+++ DATA SUPPLIED +++
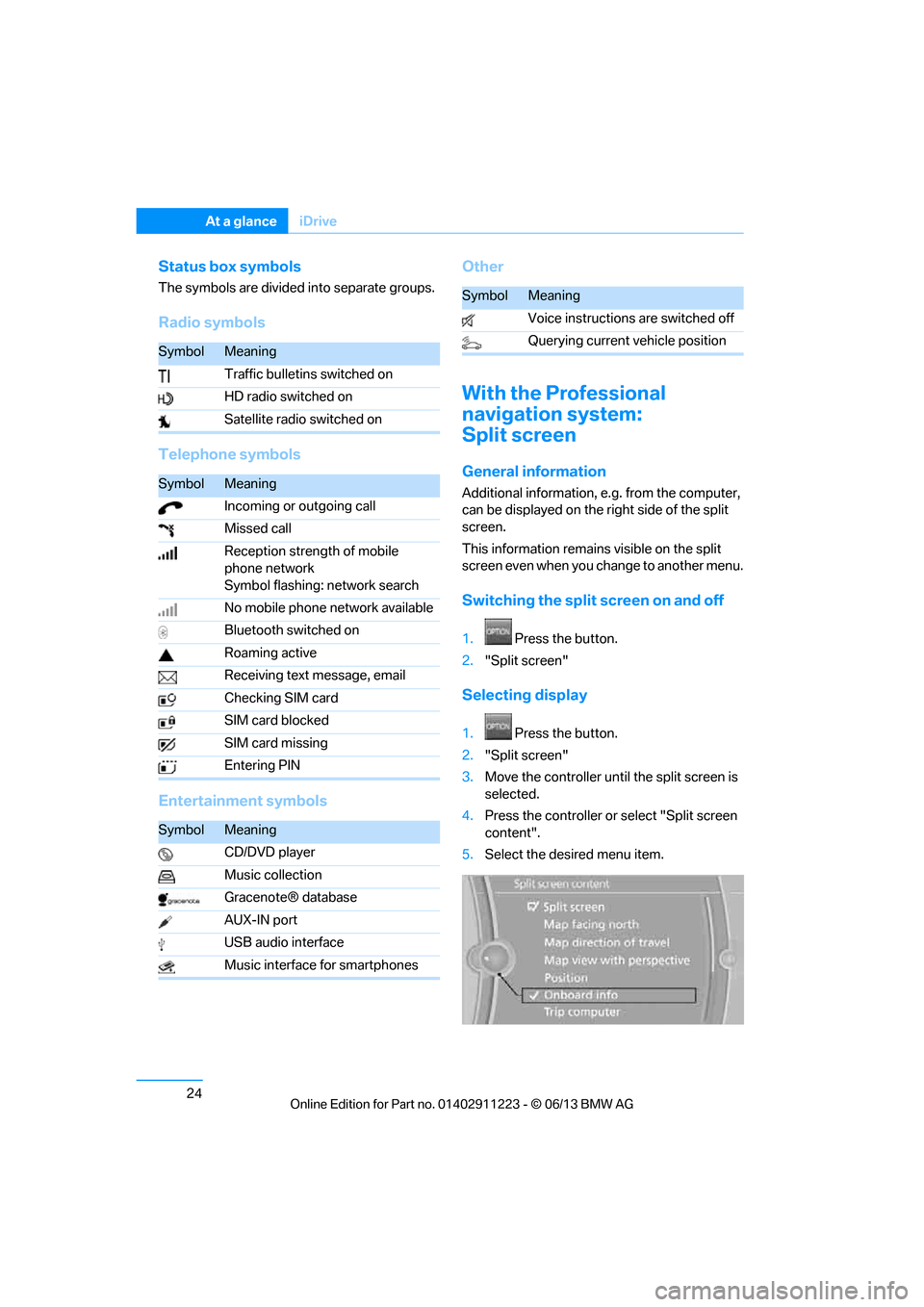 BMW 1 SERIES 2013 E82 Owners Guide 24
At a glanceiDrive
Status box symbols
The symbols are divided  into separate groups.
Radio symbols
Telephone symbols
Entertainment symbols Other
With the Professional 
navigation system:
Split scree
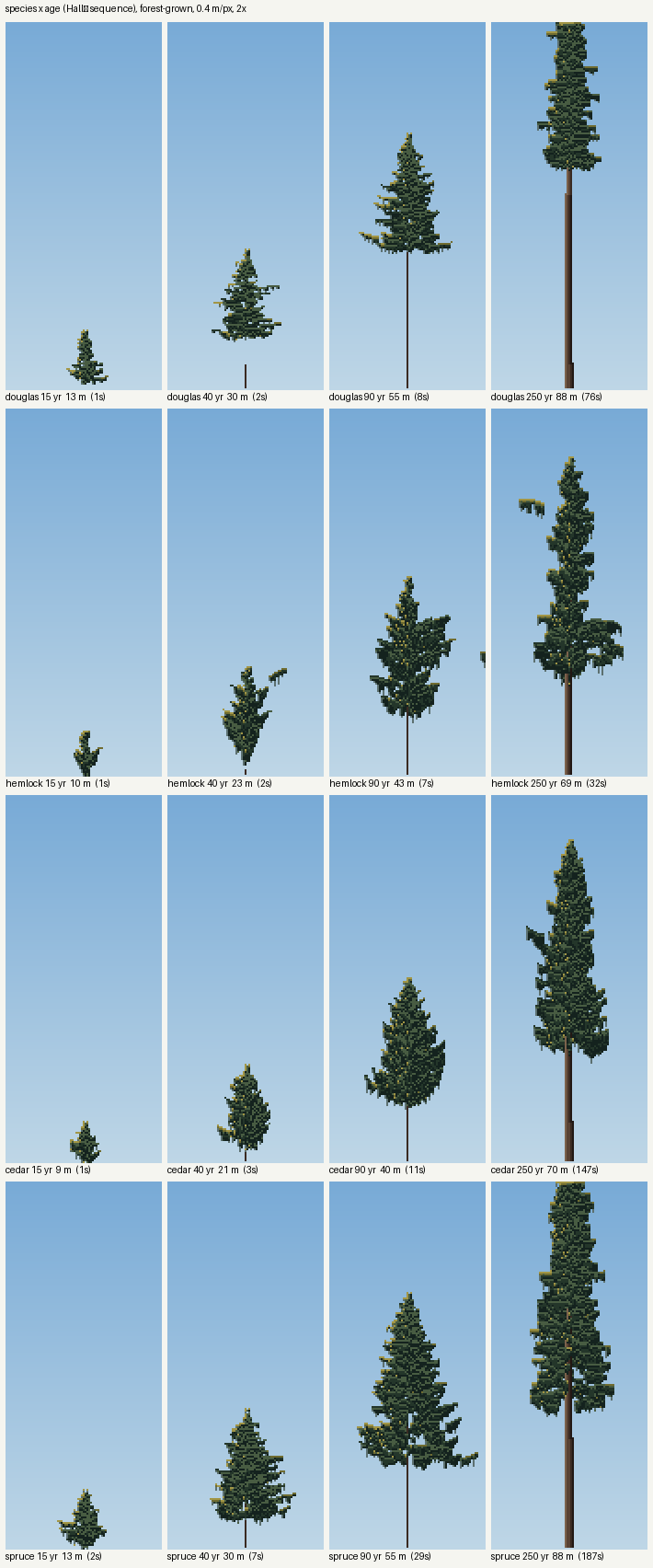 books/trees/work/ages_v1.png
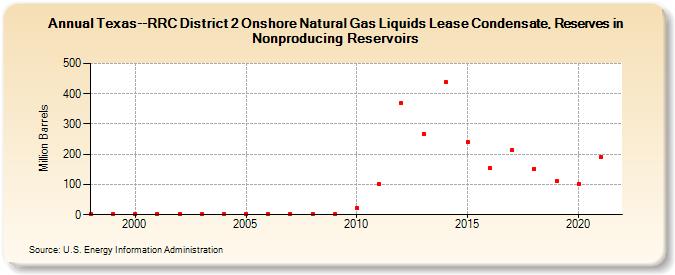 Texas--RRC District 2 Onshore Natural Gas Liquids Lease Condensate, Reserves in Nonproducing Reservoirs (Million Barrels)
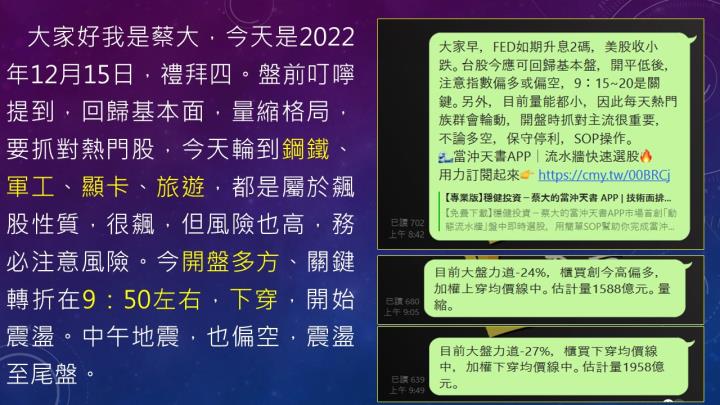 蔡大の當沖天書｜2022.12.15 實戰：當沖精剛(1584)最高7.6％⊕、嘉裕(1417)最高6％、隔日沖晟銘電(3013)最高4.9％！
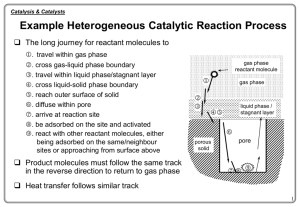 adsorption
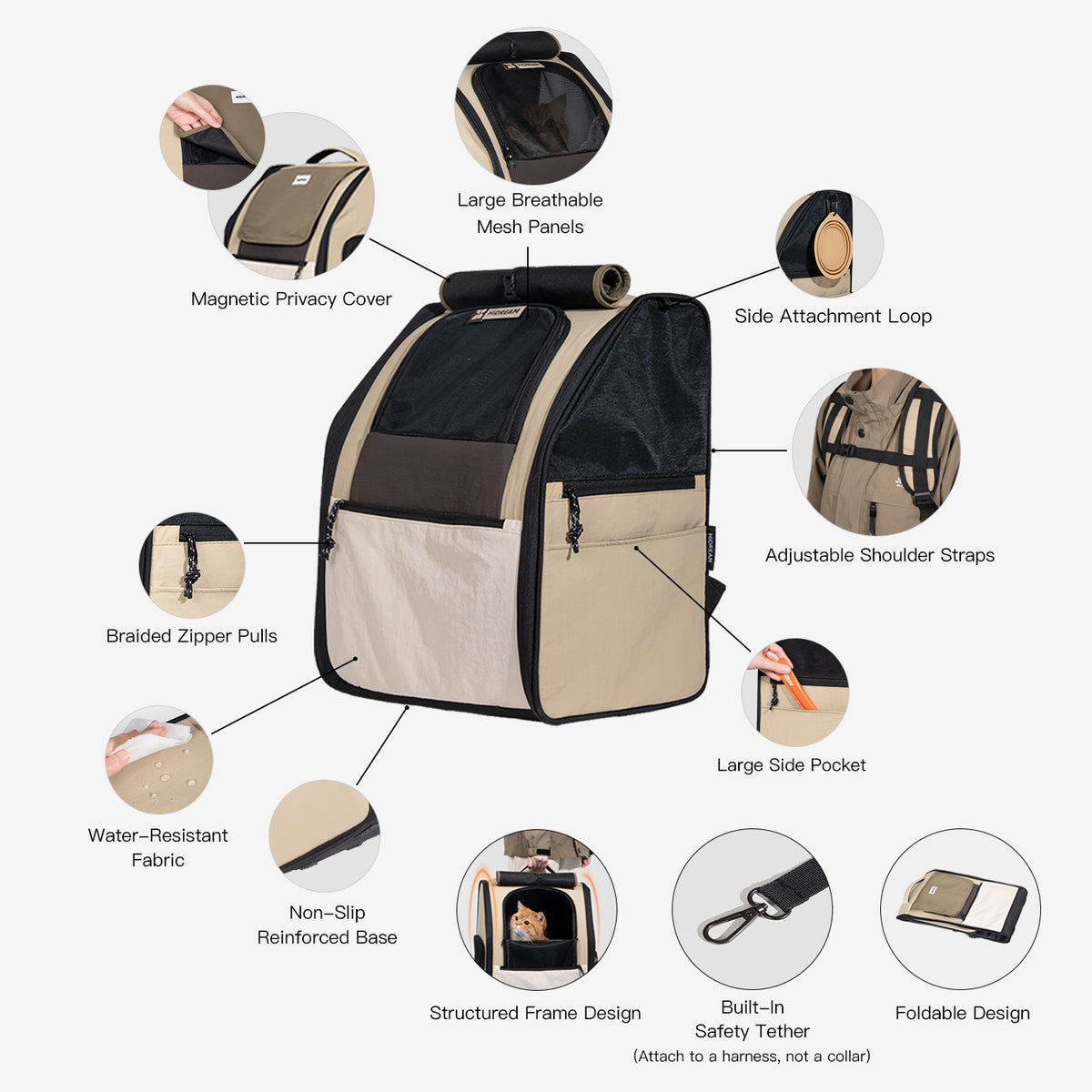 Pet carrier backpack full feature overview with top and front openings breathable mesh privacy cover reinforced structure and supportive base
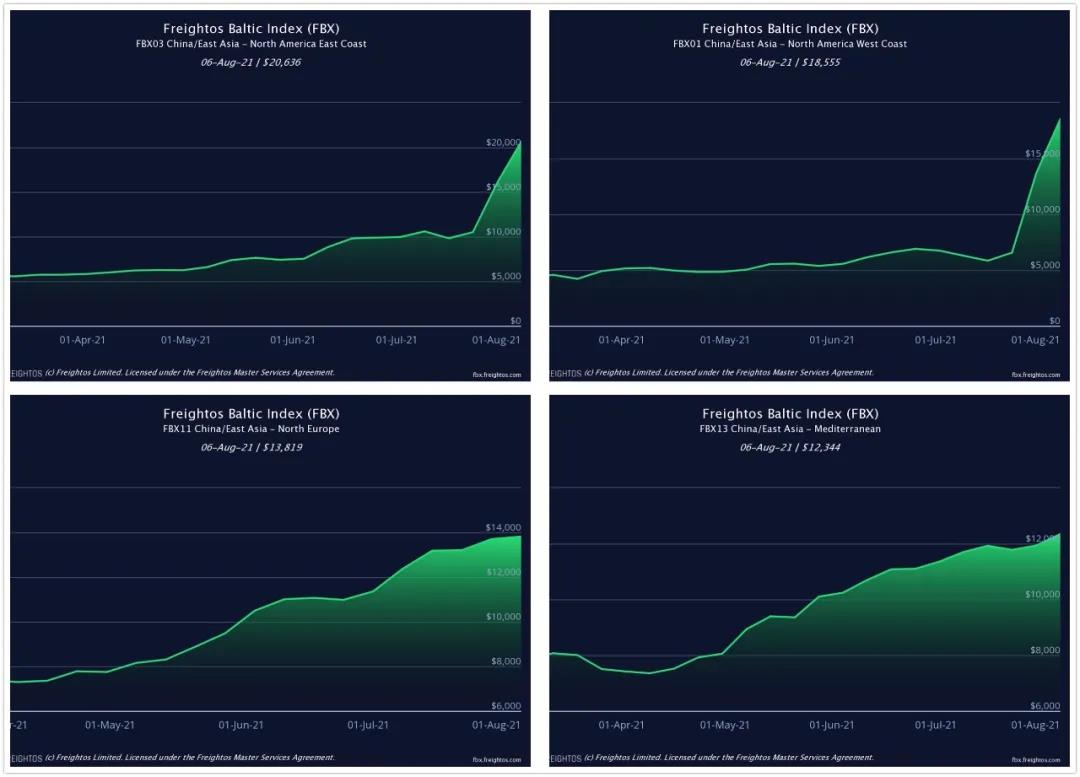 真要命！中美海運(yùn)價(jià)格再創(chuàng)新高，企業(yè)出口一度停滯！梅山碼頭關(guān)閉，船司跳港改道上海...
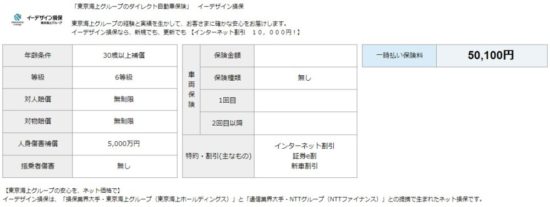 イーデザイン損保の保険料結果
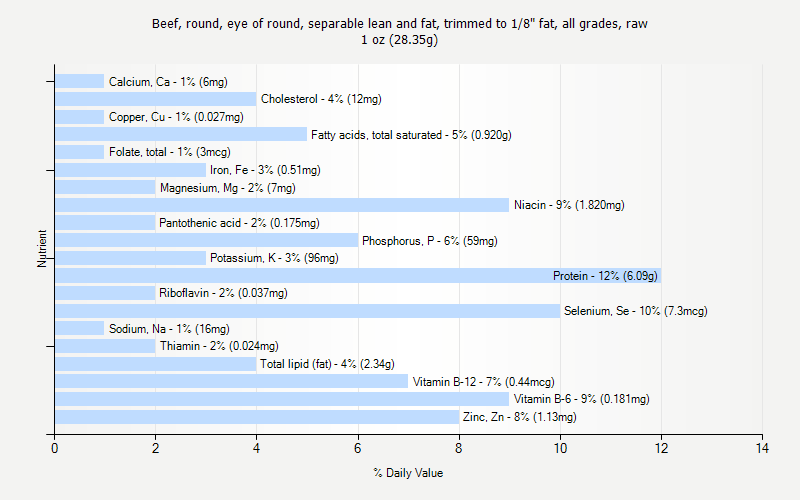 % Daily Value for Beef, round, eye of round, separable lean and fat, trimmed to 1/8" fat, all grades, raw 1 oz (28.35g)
+++
_WHAT TO DO_
Some lines above hold the word "symbols". Copy all of them.

_TASK ANSWER_
Status box symbols
The symbols are divided  into separate groups.
Radio symbols
Telephone symbols
Entertainment symbols Other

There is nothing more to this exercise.